The following quote by Napolean speaks volumes.


“My decision to destroy the authority of the blacks in Saint Domingue (Haiti) is not so much based on considerations of commerce and money, as on the need to block for ever the march of the blacks in the world.”

- Napolean Bonaparte


Pambazuka News feature

The hate and the quake

Hilary Beckles

2010-01-28, Issue 467


‘Haiti did not fail,’ writes Hilary Beckles, ‘it was destroyed by two of the most powerful nations on earth, both of which continue to have a primary interest in its current condition.' Buried 'beneath the rubble of imperial propaganda', says Beckle, is 'the evidence which shows that Haiti's independence was defeated by an aggressive North-Atlantic alliance that could not imagine their world inhabited by a free regime of Africans as representatives of the newly emerging democracy.’

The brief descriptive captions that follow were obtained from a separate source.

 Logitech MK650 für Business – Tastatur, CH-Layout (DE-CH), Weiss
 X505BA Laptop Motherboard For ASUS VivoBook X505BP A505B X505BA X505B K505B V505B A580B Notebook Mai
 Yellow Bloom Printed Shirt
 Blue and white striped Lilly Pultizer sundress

The University of the West Indies is in the process of conceiving how best to deliver a major conference on the theme ‘Rethinking and rebuilding Haiti’.

I am very keen to provide an input into this exercise because for too long there has been a popular perception that somehow the Haitian nation-building project, launched on 1 January 1804, has failed on account of mismanagement, ineptitude, corruption.

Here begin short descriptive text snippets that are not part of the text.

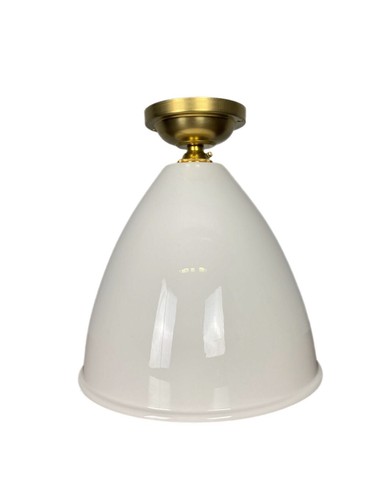 White porcelain pendant - white,
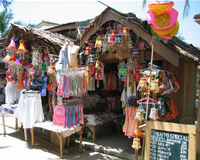 Boracay main road shops 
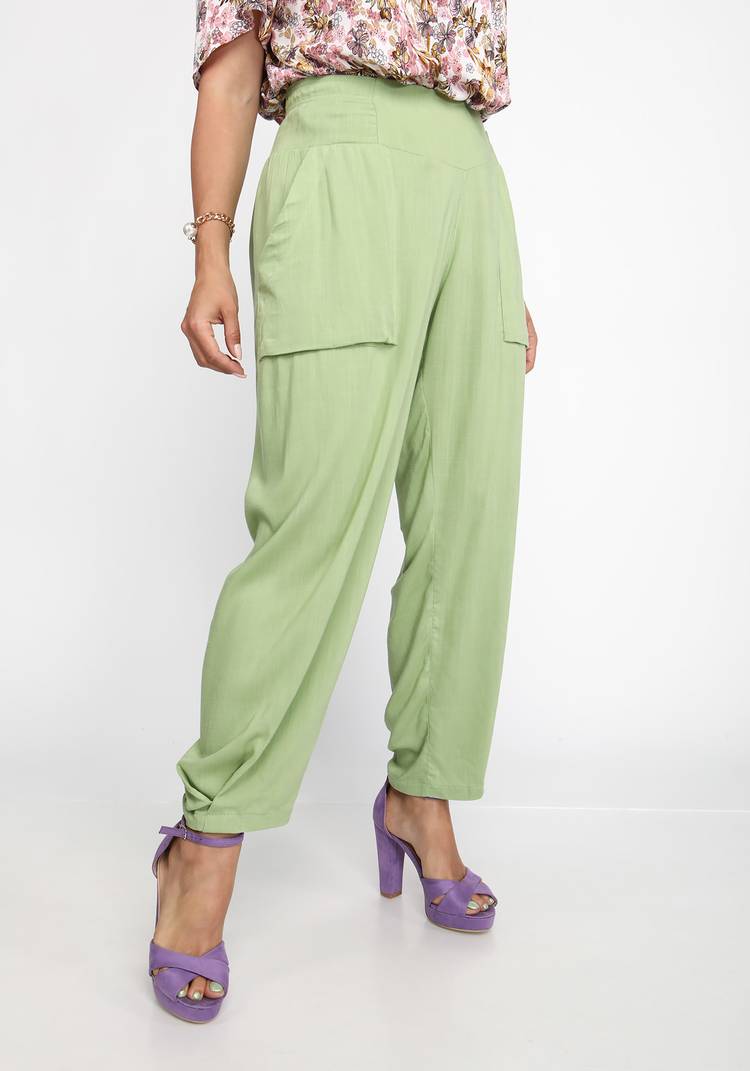 Брюки из умягчённого льна шир.  750, рис. 1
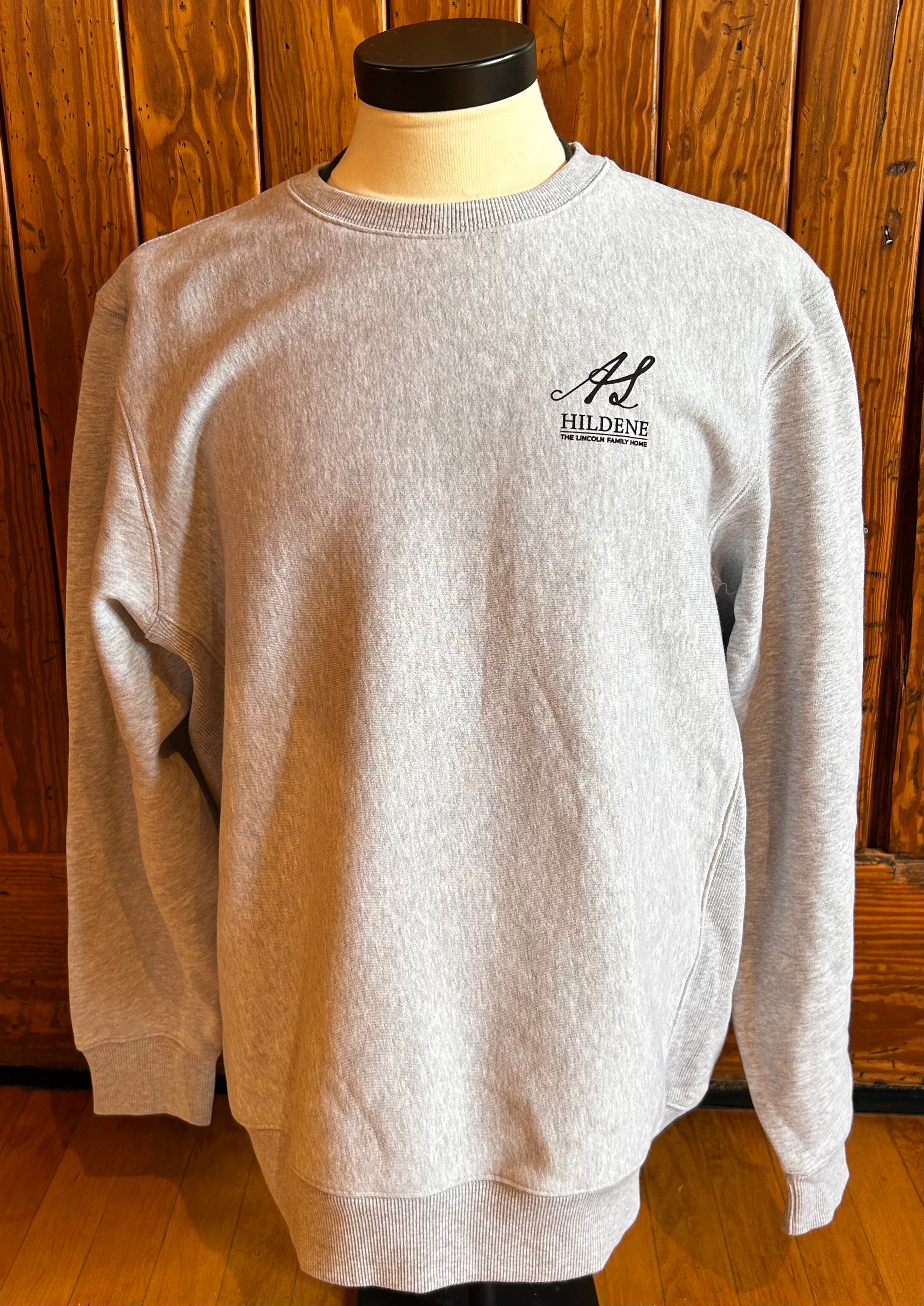 Hildene Logo Crew Sweatshirt/ XL/LTG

Buried beneath the rubble of imperial propaganda, out of both Western Europe and the United States, is the evidence which shows that Haiti's independence was defeated by an aggressive North-Atlantic alliance that could not imagine their world inhabited by a free regime of Africans as representatives of the newly emerging democracy.

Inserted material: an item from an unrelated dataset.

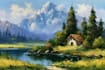 landscape oil painting art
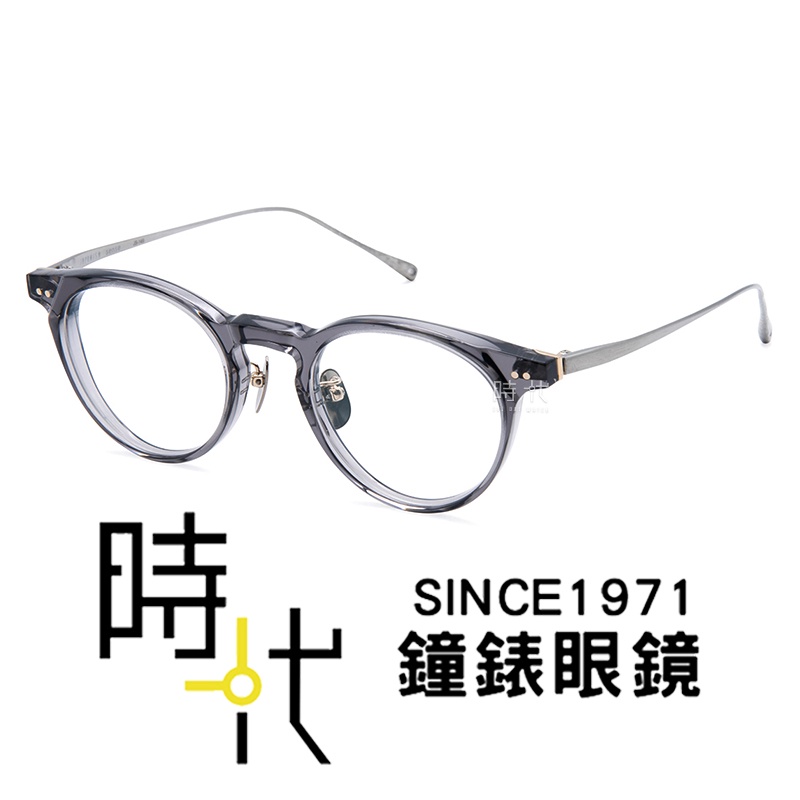 【Japonism】日本製 光學眼鏡鏡框 SENSE 日本純鈦 JS-149 C02 橢圓框眼鏡 47mm 透明灰 台南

The evidence is striking, especially in the context of France.

The Haitians fought for their freedom and won, as did the Americans fifty years earlier. The Americans declared their independence and crafted an extraordinary constitution that set out a clear message about the value of humanity and the right to freedom, justice, and liberty.

In the midst of this brilliant discourse, they chose to retain slavery as the basis of the new nation state. The founding fathers therefore could not see beyond race, as the free state was built on a slavery foundation.